From: Dan Magenheimer <dan.magenheimer@oracle.com>
To: Anthony Liguori <anthony@codemonkey.ws>
Cc: Rik van Riel <riel@redhat.com>,
linux-kernel@vger.kernel.org, npiggin@suse.de, akpm@osdl.org,
jeremy@goop.org, xen-devel@lists.xensource.com,
tmem-devel@oss.oracle.com, alan@lxorguk.ukuu.org.uk,
linux-mm@kvack.org, kurt.hackel@oracle.com,
Rusty Russell <rusty@rustcorp.com.au>,
dave.mccracken@oracle.com, Marcelo Tosatti <mtosatti@redhat.com>,
sunil.mushran@oracle.com, Avi Kivity <avi@redhat.com>,
Schwidefsky <schwidefsky@de.ibm.com>,
chris.mason@oracle.com, Balbir Singh <balbir@linux.vnet.ibm.com>
Subject: RE: [RFC PATCH 0/4] (Take 2): transcendent memory ("tmem") for Linux
Date: Sun, 12 Jul 2009 09:20:22 -0700 (PDT) [thread overview]

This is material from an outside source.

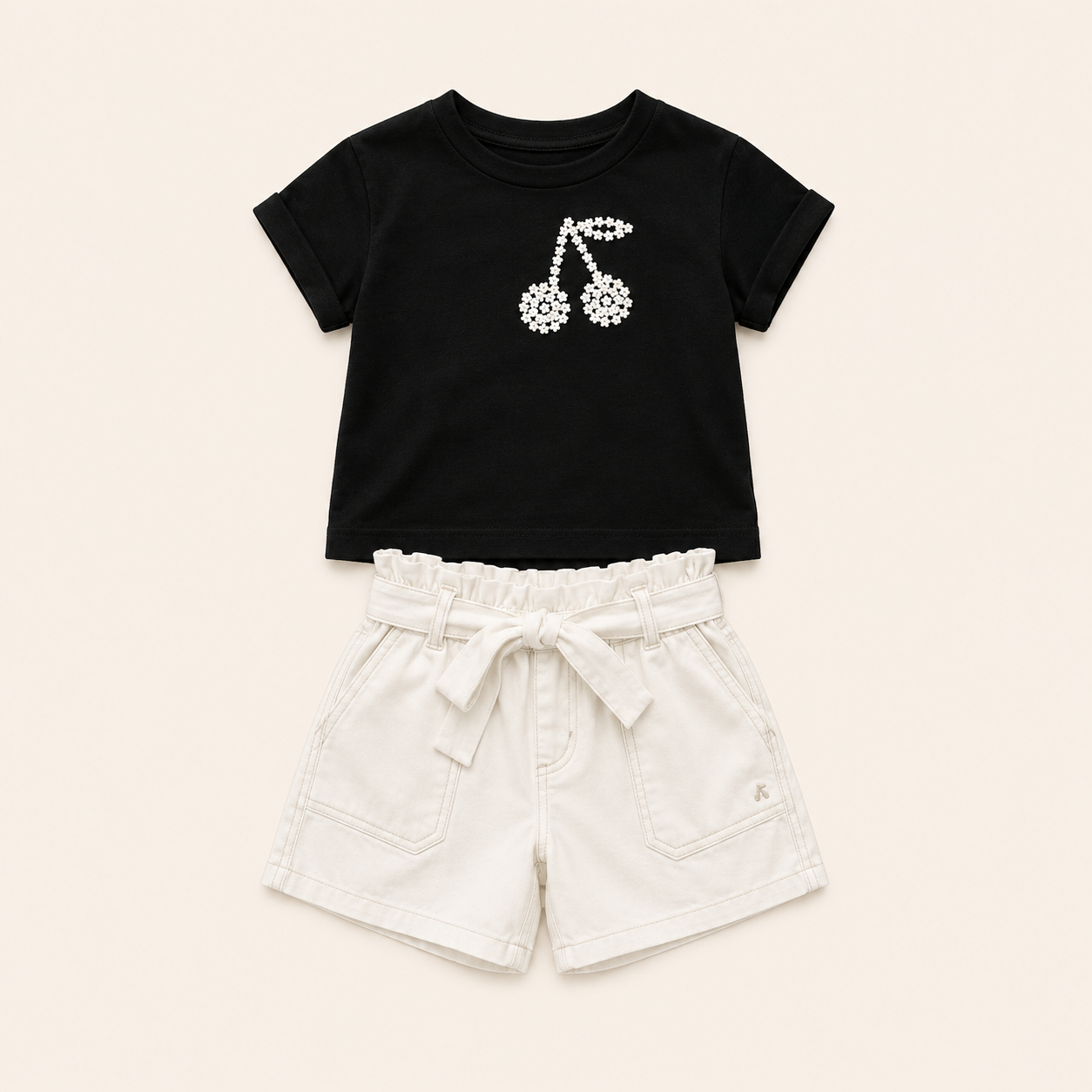 2-Delige Meisjesset met Kersen T-shirt en Witte Denim Short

Message-ID: <a09e4489-a755-46e7-a569-a0751e0fc39f@default> (raw)
In-Reply-To: <4A59E502.1020008@codemonkey.ws>
> > that information; but tmem is trying to go a step further by making
> > the cooperation between the OS and hypervisor more explicit
> > and directly beneficial to the OS.
>
> KVM definitely falls into the camp of trying to minimize
> modification to the guest.
No argument there. Well, maybe one :-) Yes, but KVM
also heavily encourages unmodified guests. Tmem is
philosophically in favor of finding a balance between
things that work well with no changes to any OS (and
thus work just fine regardless of whether the OS is
running in a virtual environment or not), and things
that could work better if the OS is knowledgable that
it is running in a virtual environment.
For those that believe virtualization is a flash-in-
the-pan, no modifications to the OS is the right answer.
For those that believe it will be pervasive in the
future, finding the right balance is a critical step
in operating system evolution.
(Sorry for the Sunday morning evangelizing :-)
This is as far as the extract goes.